Sec. 3 (a) A child is a child in need of services if before his eighteenth birthday:

(1) his physical or mental condition is seriously impaired or seriously endangered as a result of the inability, refusal, or neglect of his parent, guardian or custodian to supply the child with necessary food, clothing, shelter, medical care, education, or supervision;

(2) his physical or mental health is seriously endangered due to injury by the act or omission of his parent, guardian, or custodian;

(3) he is the victim of a sex offense under IC XX-XX-X-X, IC XX-XX-X-X, IC XX-XX-X-X(a), IC XX-XX-X-X(b), IC XX-XX-X-X, IC XX-XX-X-X, IC XX-XX-X-X, or IC XX-XX-X-X;

(4) his parent, guardian, or custodian allows him to participate in an obscene performance defined by IC 35-30-10.1-3 or IC 35-30-10.1;

(5) his parent, guardian, or custodian allows him to commit a sex offense prohibited by IC 35-45-4; or

(6) he substantially endangers his own health or the health of another."

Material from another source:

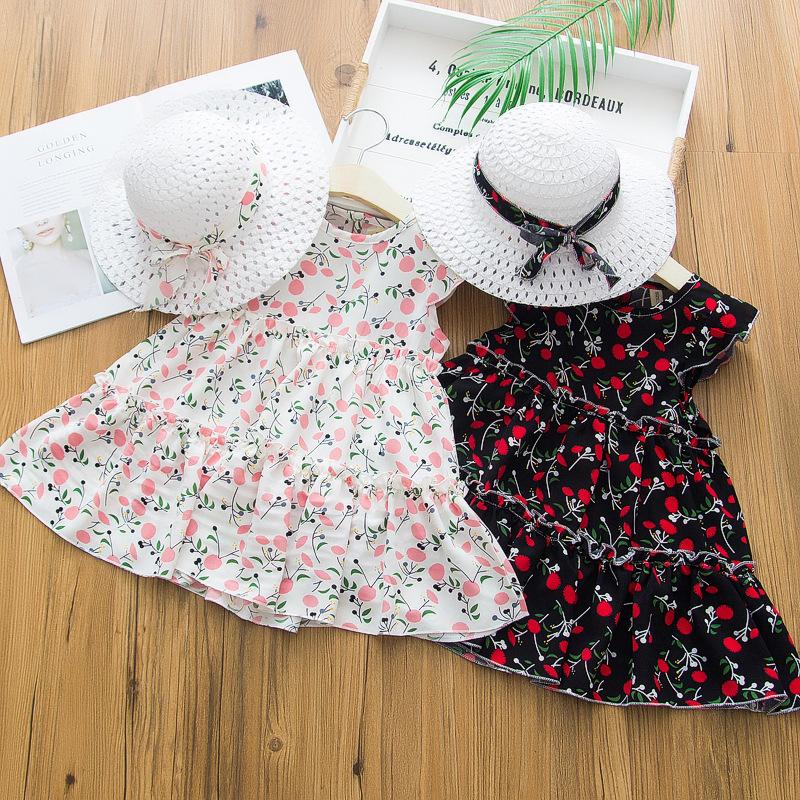 Girl's Dresses 2021 Baby Girl Summer Dress Korean Fashion 2pcs Set Floral Sweet Dress+Straw Hat Play Holiday Cotton Children Princess, Red;yellow
Girl's Dresses 2021 Baby Girl Summer Dress Korean Fashion 2pcs Set Floral Sweet Dress+Straw Hat Play Holiday Cotton Children Princess, Red;yellow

[5] The purpose and policy section of our new juvenile code provides in part:

"It is the policy of this state and the purpose of this article:

* * * * * *

(2) to provide a judicial procedure that insures fair hearings and recognizes and enforces the constitutional and other legal rights of children and their parents;

* * * * * *

(5) to strengthen family life by assisting parents to fulfill their parental obligations; and

(6) to remove children from their families only when it is in the child's best interest or in the best interest of public safety." (emphasis added)

[6] In a related argument petitioner contends the case must be reversed because there was insufficient evidence produced at trial to support the trial court's decision, and therefore the court must have relied primarily on the private interview with the child, citing Blue v. Brooks, (1973) 261 Ind. 338, 303 N.E.2d 269. However, we find sufficient evidence in the record to support the denial of visitation. We also find no merit to petitioner's argument that the trial court was required to enter special findings of fact in the present case.

[1] The trial judge conducted an in camera interview with the child but did not make a record of the conversation. Because no record was made, the in camera interview adds nothing to the sufficiency of the evidence available upon review.